### INPUT FOR THIS TASK
##########

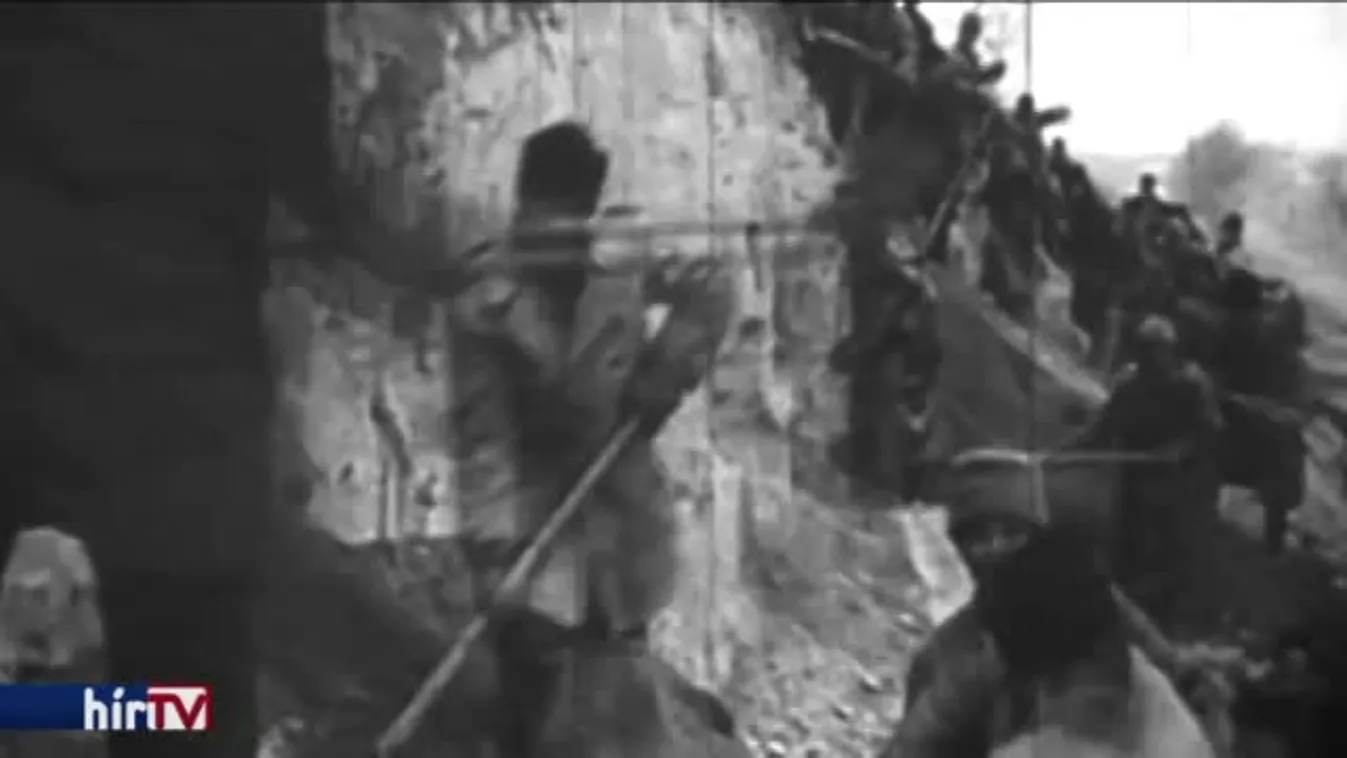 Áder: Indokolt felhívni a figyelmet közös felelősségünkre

##########

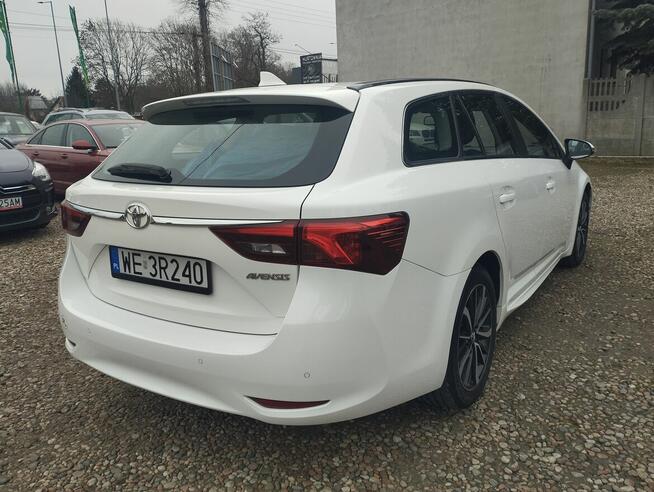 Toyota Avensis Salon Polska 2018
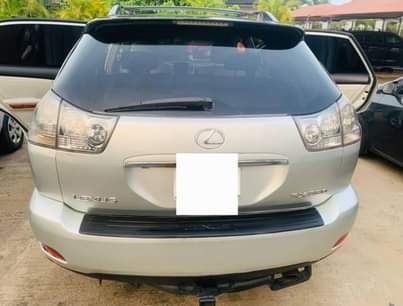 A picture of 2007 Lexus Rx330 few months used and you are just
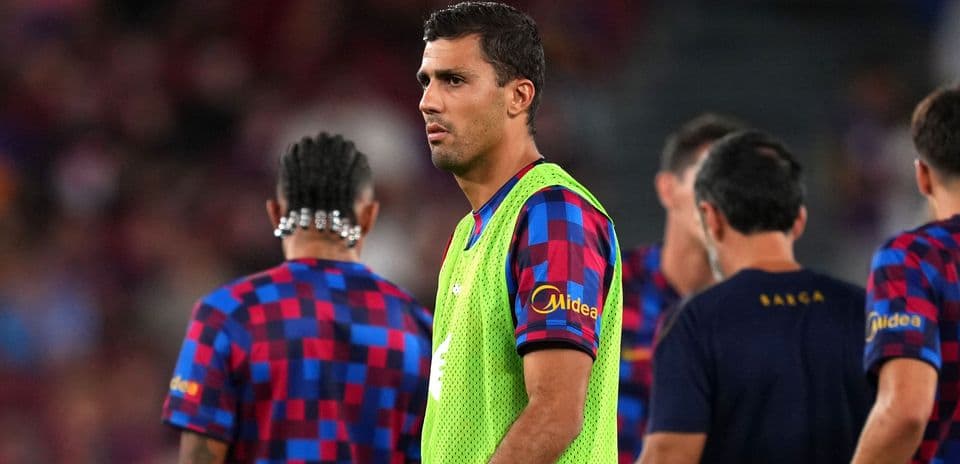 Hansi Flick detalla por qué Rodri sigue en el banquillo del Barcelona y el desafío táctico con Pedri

##########

### WHAT NEEDS TO BE DONE
Though the entries above contain pictures, none should be copied; reproduce only the lines between the one holding "A picture of" and the one holding "Hansi Flick detalla", inclusive, exactly as written.

### EXERCISE SOLUTION
 A picture of 2007 Lexus Rx330 few months used and you are just
 Hansi Flick detalla por qué Rodri sigue en el banquillo del Barcelona y el desafío táctico con Pedri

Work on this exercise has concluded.